Petersen asks that residents actively support the state’s efforts to raise awareness of the products the state’s farmers have to offer by signing up for the “Ag Tag” license plate. The state needs 1,500 pledges before the Registry of Motor Vehicles will make the specialty license plate available.
From the Mass farmers markets news update
1. Don't Buy Anything! Until you've walked the loop of the market, that is. Ok, perusing the market is more fun while munching on a cookie or some sweet berries, so go ahead and grab your favorite immediately - but otherwise, take the time to check out everyone's market stand before deciding what to buy.
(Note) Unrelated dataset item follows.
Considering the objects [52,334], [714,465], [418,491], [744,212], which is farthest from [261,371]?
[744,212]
After all, pricing, variety and quantities can vary from booth to booth and you don't want to shortchange yourself of the best selection and the specials of the day.
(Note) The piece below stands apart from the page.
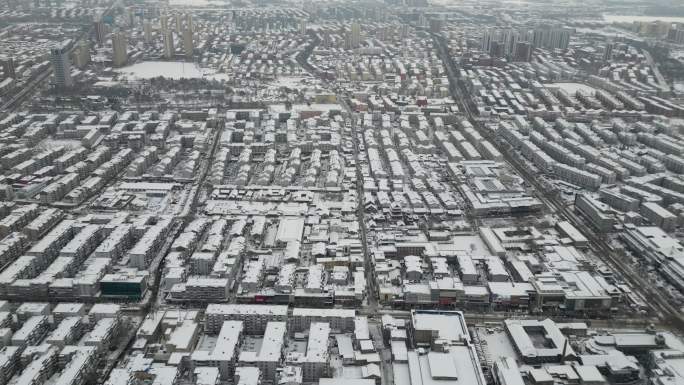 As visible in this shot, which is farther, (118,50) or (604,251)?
(118,50)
2. Find the Worm. The best stuff goes first and the early bird gets it all. Its not just the best looking produce that goes - sometimes it's a vendor's entire stock! Cookies, breads, popular fruits, eggs, steaks, pork chops - once they're gone, they're gone. One of the drawbacks of open air markets is that it isn't possible to "check the back" for more. Get there early for the best selection.
3. Be Questionable! Ask a lot of questions. Ask vendors for their names, the names of their farms, where their farm is located and how they grow the produce you eat. Ask them for their recipes, ideas and opinions of the food they grow. Ask for produce you love but don't see - sometimes farmers grow particular crops and they don't bring their harvest to the farmers' market because they don't think there is a demand...once the farmer learns you're looking for something, they'll be able to help you. Similarly, farmers decide what to plant the following year based on what people have been asking for during the farmers' market season- let them know what you like! Market managers have lots of resources as well. We carry tons of information on cooking tips, nutritional values and recipes - if you don't see it out on the table, just ask! Need help juggling your shopping bags or want to know if there will be anything new next week? Ask!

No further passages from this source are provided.